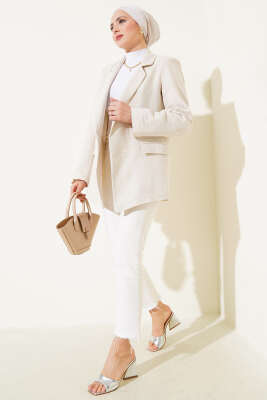 Çizgi Manşetli Keten Blazer Ceket Bej - Ceket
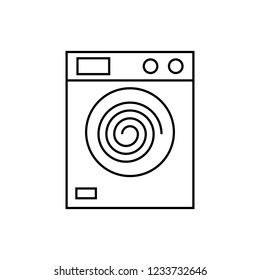 washing machine icon, wash linear sign isolated on white background - editable vector illustration eps10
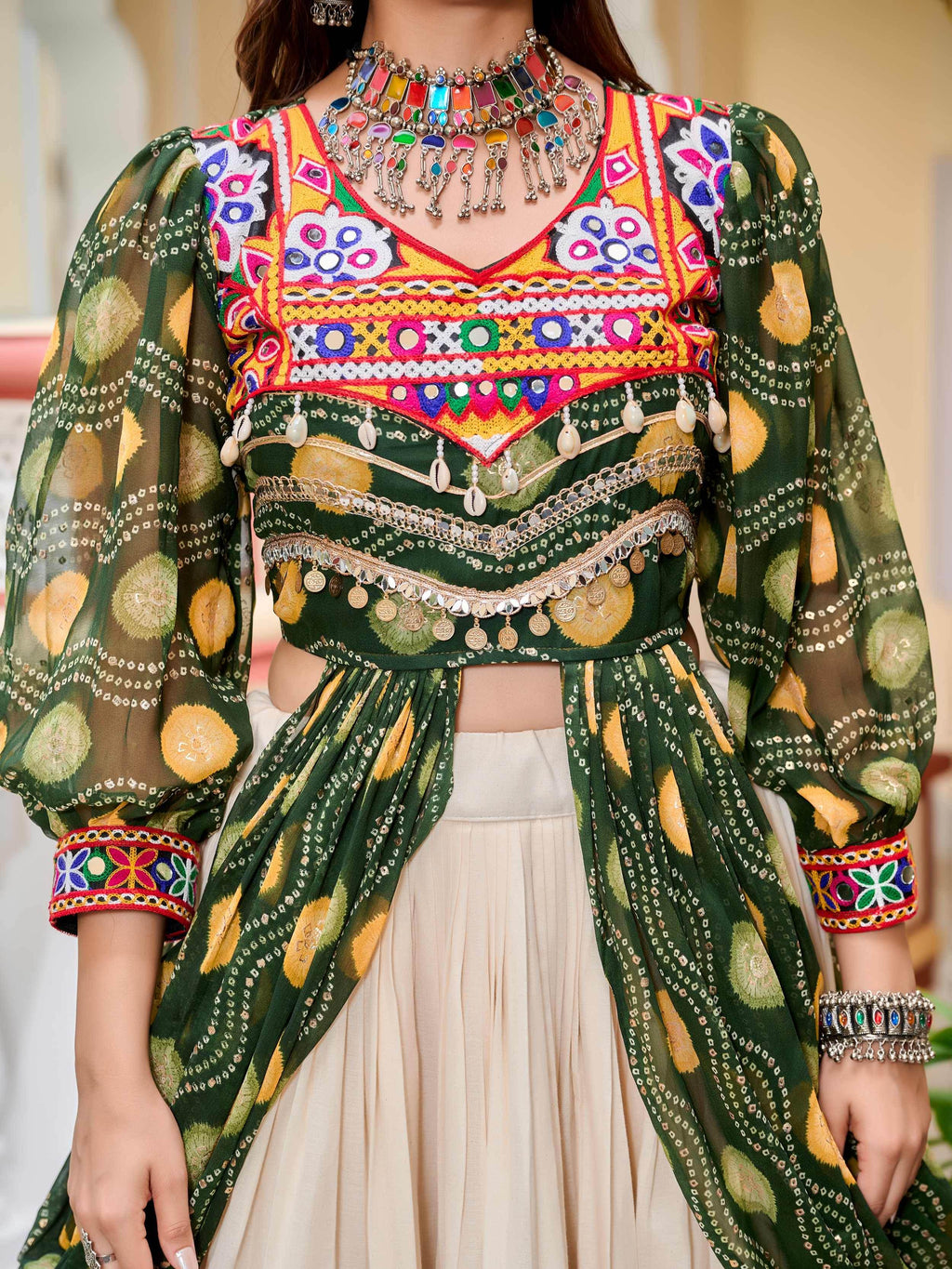 Green Cotton Gamthi Mirror and Ribbon Lace Work Lehenga Shrug Set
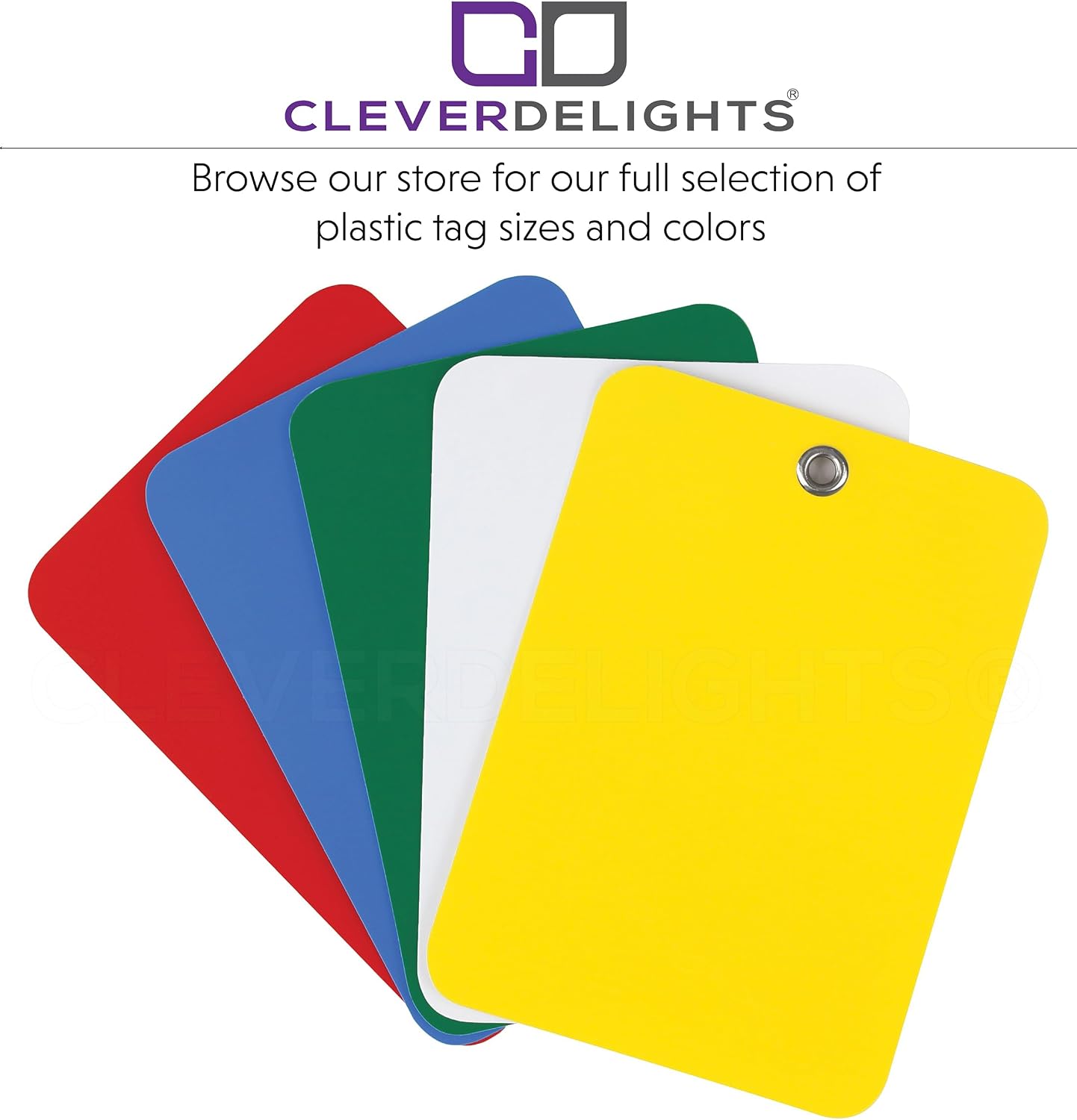 CleverDelights Plastic Tags - 3.5" x 2.5" - 100 Pack - Waterproof Heavy Duty Tear-Resistant - Indoor Outdoor Durable Inventory ID Tag (Yellow)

■ **EXERCISE**:
Output nothing but an exact retyping of the material, pictures excluded.

■ **SOLUTION FOR THIS PROBLEM**:
 Çizgi Manşetli Keten Blazer Ceket Bej - Ceket
 washing machine icon, wash linear sign isolated on white background - editable vector illustration eps10
 Green Cotton Gamthi Mirror and Ribbon Lace Work Lehenga Shrug Set
 CleverDelights Plastic Tags - 3.5" x 2.5" - 100 Pack - Waterproof Heavy Duty Tear-Resistant - Indoor Outdoor Durable Inventory ID Tag (Yellow)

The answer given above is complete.